The second half of the nineteenth century saw the emergence of Paris as the center of European modernism. Artists flocked to the French capital from all over Europe to attend the city’s state art academy, one of its many private painting schools or private academies, while many hastened to rent studio space of their own.
Large numbers of German artists also traveled to France – staying for weeks, months and even years. The Franco-Prussian War of 1870 strengthened nationalist perceptions of German art history, and from then on little was said about the influence of Parisian modernism on German art. Some German artists became entangled in nationalistically charged cultural debate and disputed the stimulating effects of their stay in Paris. Others saw a stay in Paris as a means of escape from the Wilhelmine skepticism about modernism that spawned political nationalism. Some of the work produced in Paris failed to rise above the epigonic but artists such as Frankfurt-born Otto Scholderer, Wilhelm Leibl and a little later Carl Schuch, went on to develop their own unique style.

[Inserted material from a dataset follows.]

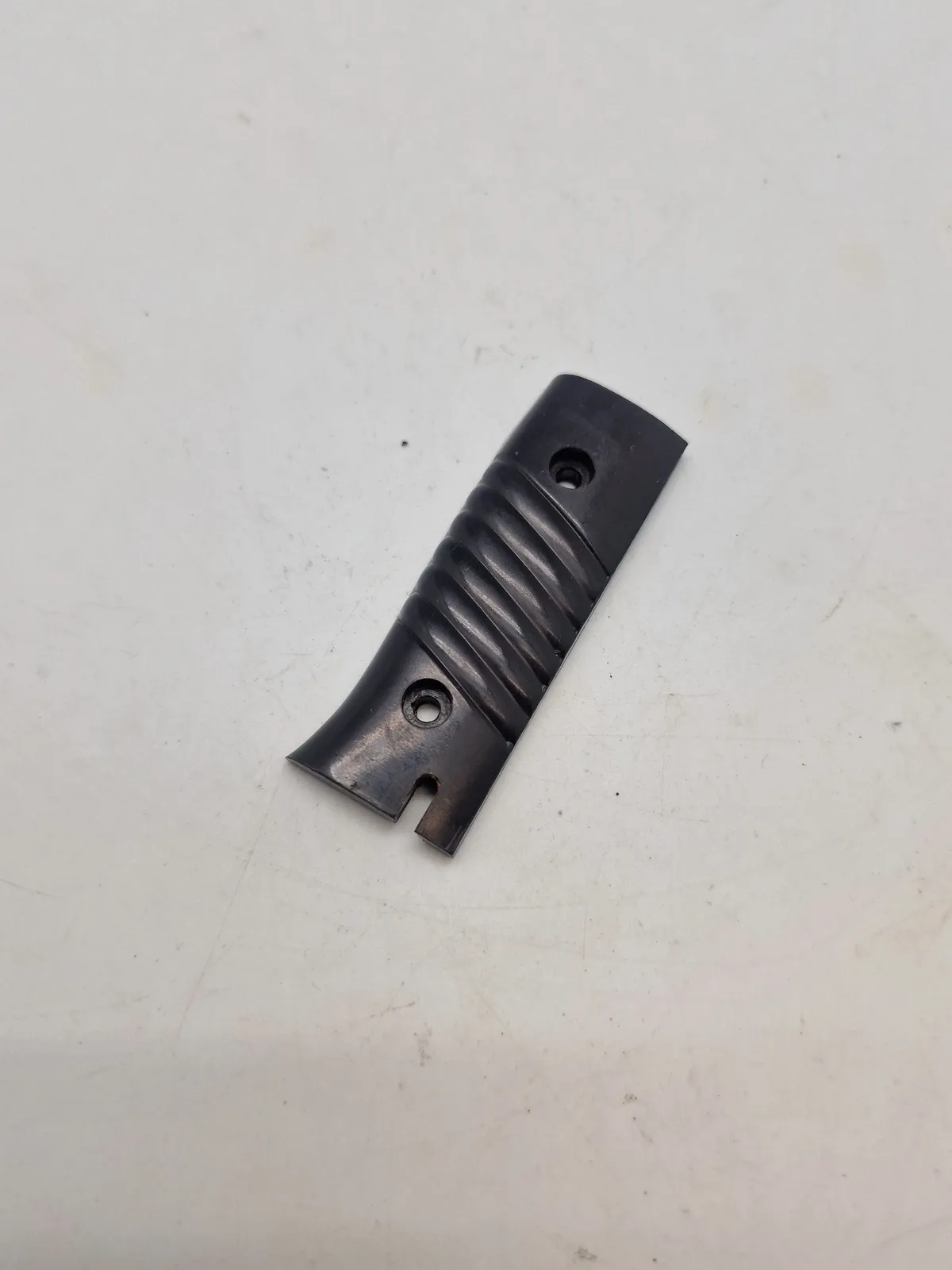 Original grebsskal for S84/98 III bajonet - godt stemplet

Otto Scholderer trained at the Städelsches Kunstinstitut in Frankfurt in the 1850s. He traveled to Paris for the first time in 1857, where he was to spend a year, visiting his friend and future brother-in-law Victor Müller who, like Wilhelm Heinrich Füssli and Edouard Manet, was a student of Thomas Couture. It was here that Scholderer was to embark on a lifelong friendship with Henri Fantin-Latour. The correspondence between Scholderer and Fantin-Latour is largely preserved. It offers important insights into Scholderer’s biography and artistic approach. He also shared Fantin-Latour’s admiration for the Old Masters, particularly the still lifes of Jean-Baptiste-Siméon Chardin.
On his return to Frankfurt he came into contact with Gustave Courbet in the spring of 1858. Courbet had been obliged to flee Paris to escape political unrest and was working in Frankfurt in a studio one floor above Scholderer's studio.

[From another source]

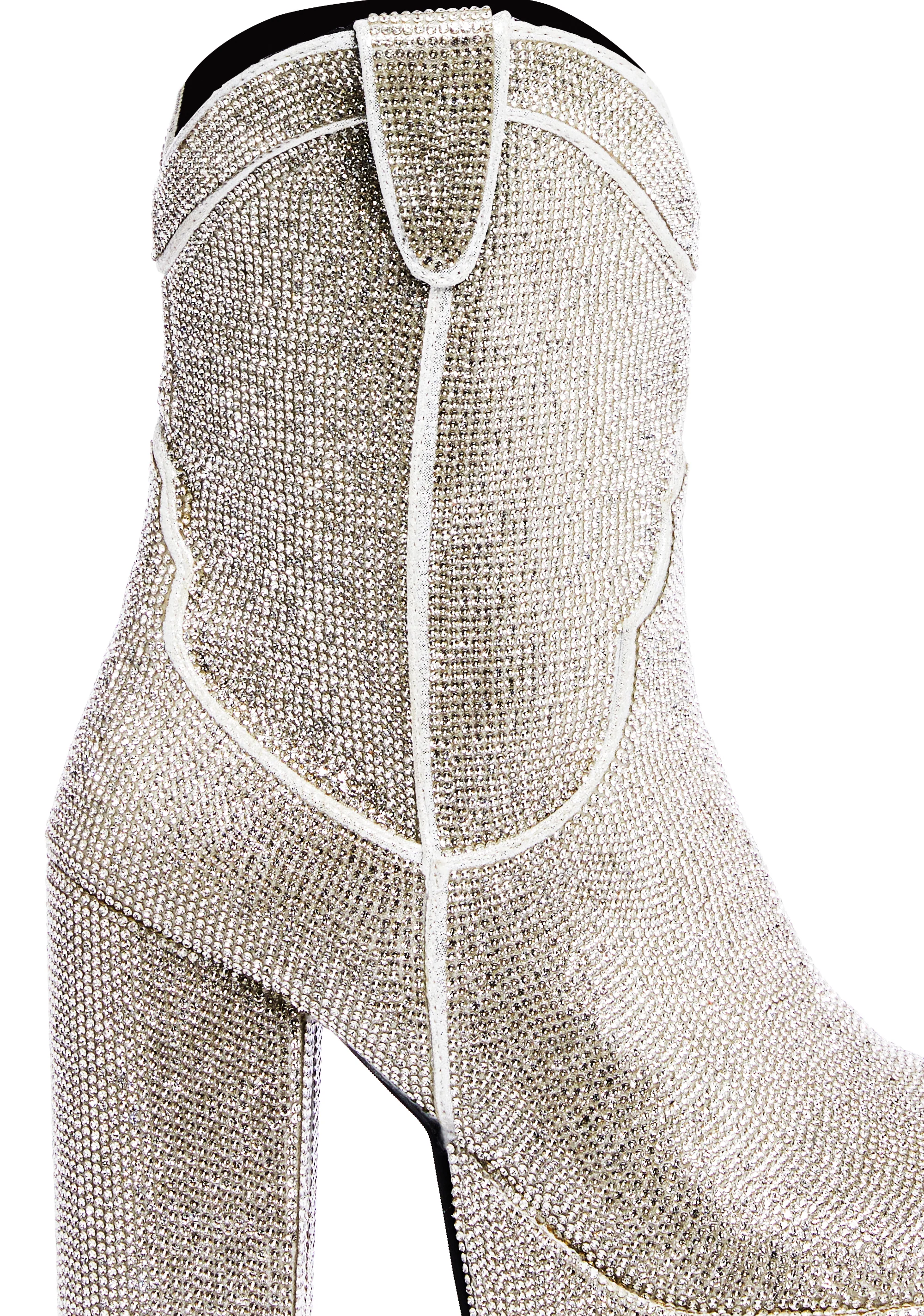Western Treasures Platform Boots - Image 2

Scholderer returned to Paris in early 1868 with his friend Hans Thoma. He was an active member of an avant-garde artistic community that included Fantin-Latour, Manet, Renoir, Monet, Bazille and the writer Emile Zola. Scholderer is immortalized along with his artist friends in a group portrait by Fantin-Latour titled Un atelier aux Batignolles (1870), now in the collection of the Musée d’Orsay.
The impending outbreak of the Franco-Prussian War in 1870 obliged Scholderer to break off his stay in Paris and he moved briefly to Munich to join Victor Müller. This enabled him to renew his friendship with Wilhelm Leibl, working as a loose associate of his circle. In early 1871, he resolved to move to London, where he became engaged to Hildesheim-born Luise Steurwaldt. They were married in 1872. He embarked on a lucrative career as a portraitist. Whereas in Paris he had been active in literary and artistic circles he now lived as something of a recluse – no record of contact to English painters has survived. Although his work was noticed by English critics he failed to achieve a major breakthrough in his lifetime. Why he never returned to his beloved Paris remains unexplained. He did not return to his native Frankfurt until 1899, three years before his death.
The present work dates from 1893 and was executed towards the end of Scholderer’s long sojourn in England. It is a characteristic example of his still life painting, showing his predilection for setting a few objects against a neutral background. The handling of lighting and choice of palette recall the work of the Old Masters. The outlines of objects are hard or soft, depending on the fall of light. The same vase is found in other still lifes by Scholderer, such as the painting Still Life with Blue Vase and Mushrooms (1891), now in the Städel Museum in Frankfurt. To the right of the bouquet, the bright glow of the peaches is reflected in the highly polished table top. Scholderer shares Fantin-Latour’s refined approach to the treatment of contrasting textures. This approach underscores their mutual indebtedness to Chardin, whose example they sought to emulate. The fuzziness of the peach skin contrasts with the gleam of glazed ceramic, the shine of the polished table top and the restrained, shadowy tones of the wall, which acts as a subtly blended, neutral backdrop for the still life elements.
In his later career Scholderer was to shift his interest increasingly to still life painting. Angelika Lorenz notes: ‘(These are paintings) which devote themselves calmly to the appearance and nature of objects, allowing them space in the picture in which they are spread out in dark, luminous colors of subtle refraction.’
While the Impressionists, Scholderer’s friends and associates, moved further towards the dissolution of pictorial objects in the latter part of the nineteenth century, both he and Fantin-Latour remained more firmly anchored in tradition. He combined the delicacy and precision of Old Masterly techniques with a Realist’s interest in the unembellished depiction of everyday objects. But he was also ready to embrace contemporary trends, as demonstrated by the lush arrangement of chrysanthemum blooms, a motif associated with Japonisme, the late-nineteenth century European fascination with Japanese art and design.